REQUIRED ACTION: Transcribe the entries that follow exactly as they appear, minus pictures.

EXTRACTED RECORDS:
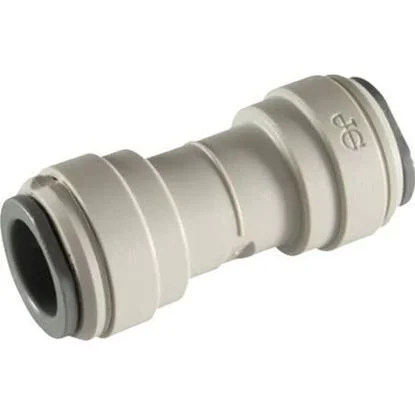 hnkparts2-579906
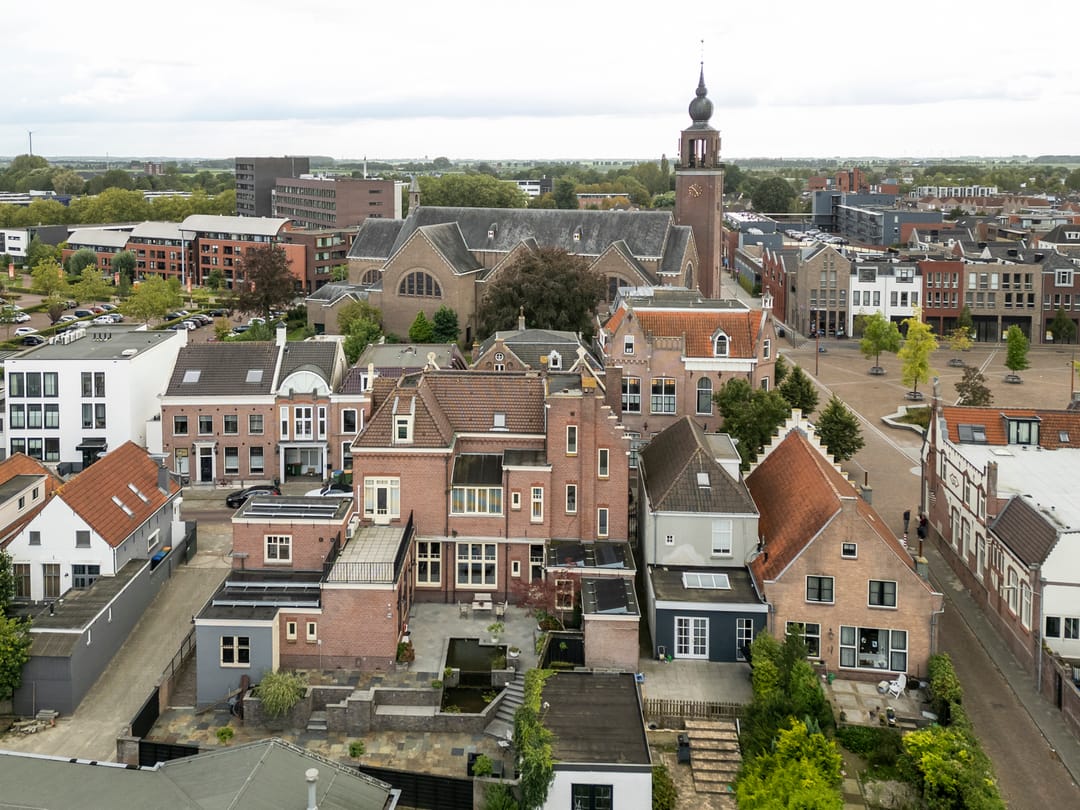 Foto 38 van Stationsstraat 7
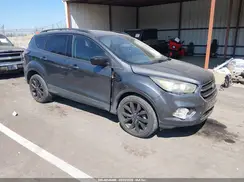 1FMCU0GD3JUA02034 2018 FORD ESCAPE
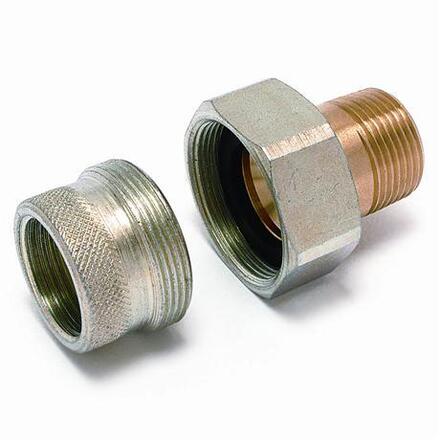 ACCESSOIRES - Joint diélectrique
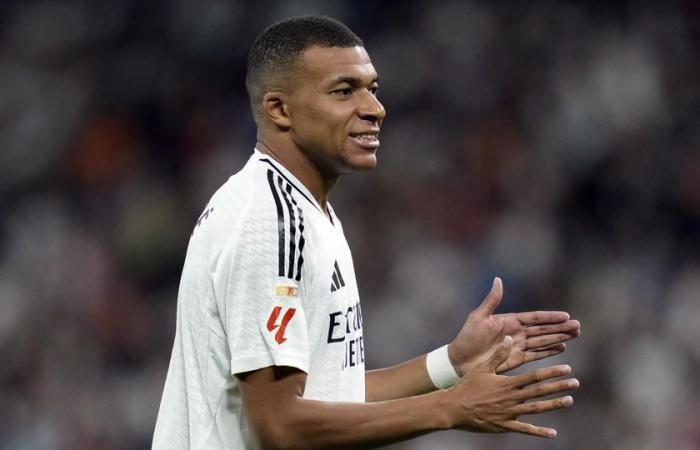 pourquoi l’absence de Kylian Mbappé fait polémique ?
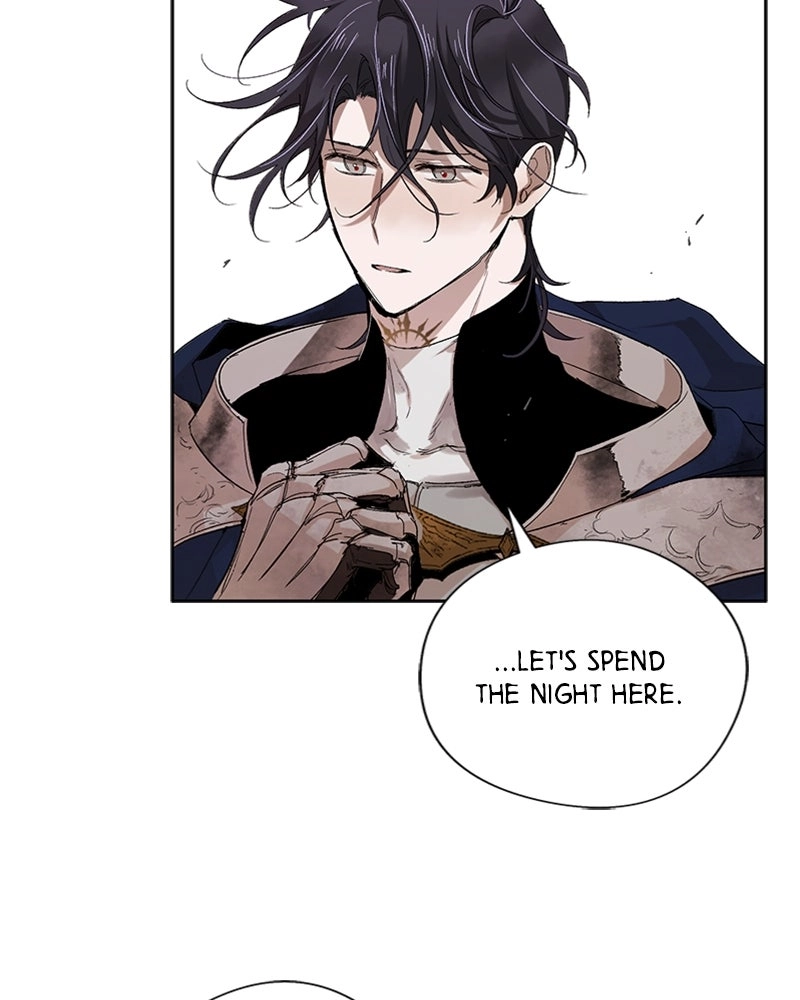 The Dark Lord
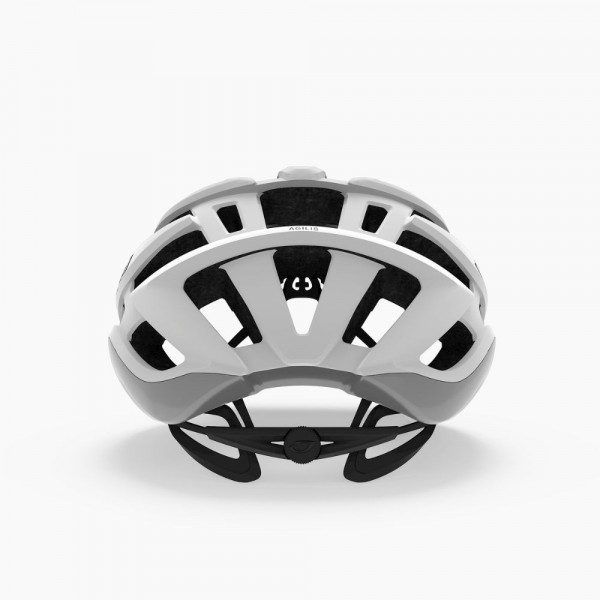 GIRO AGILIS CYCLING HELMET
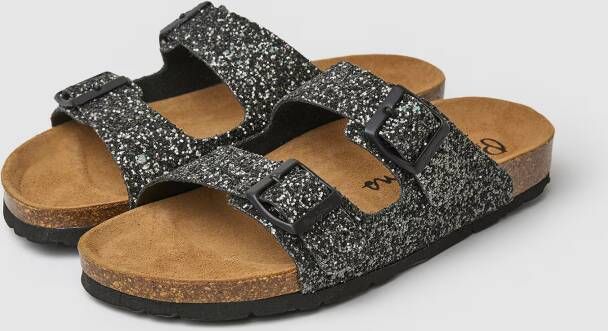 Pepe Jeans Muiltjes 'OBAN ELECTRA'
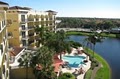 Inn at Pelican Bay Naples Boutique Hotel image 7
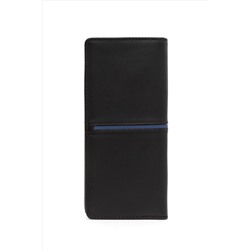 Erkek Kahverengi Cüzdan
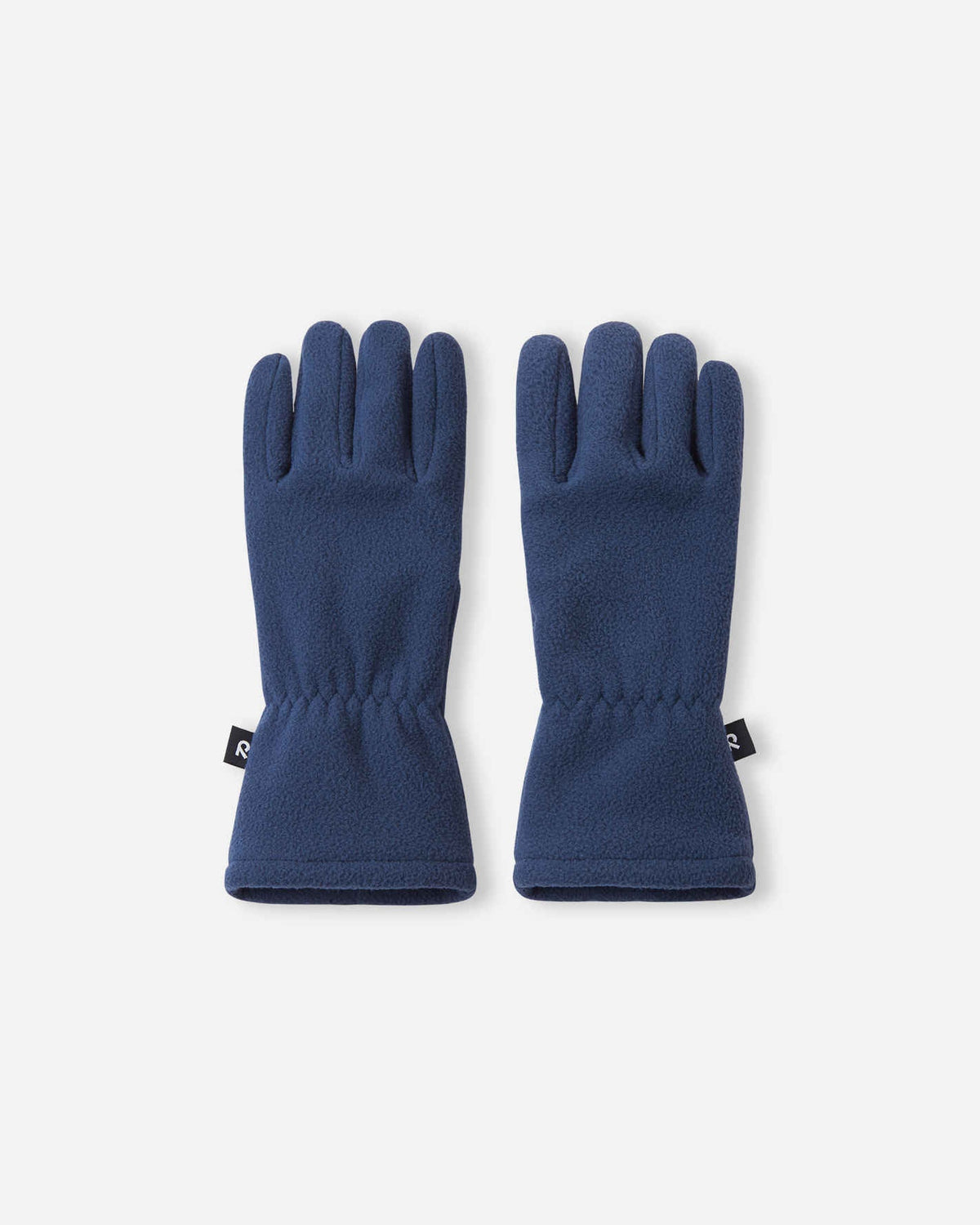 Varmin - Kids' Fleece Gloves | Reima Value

WRITTEN SOLUTION:
 hnkparts2-579906
 Foto 38 van Stationsstraat 7
 1FMCU0GD3JUA02034 2018 FORD ESCAPE
 ACCESSOIRES - Joint diélectrique
 pourquoi l’absence de Kylian Mbappé fait polémique ?
 The Dark Lord
 GIRO AGILIS CYCLING HELMET
 Pepe Jeans Muiltjes 'OBAN ELECTRA'
 Inn at Pelican Bay Naples Boutique Hotel image 7
 Erkek Kahverengi Cüzdan
 Varmin - Kids' Fleece Gloves | Reima Value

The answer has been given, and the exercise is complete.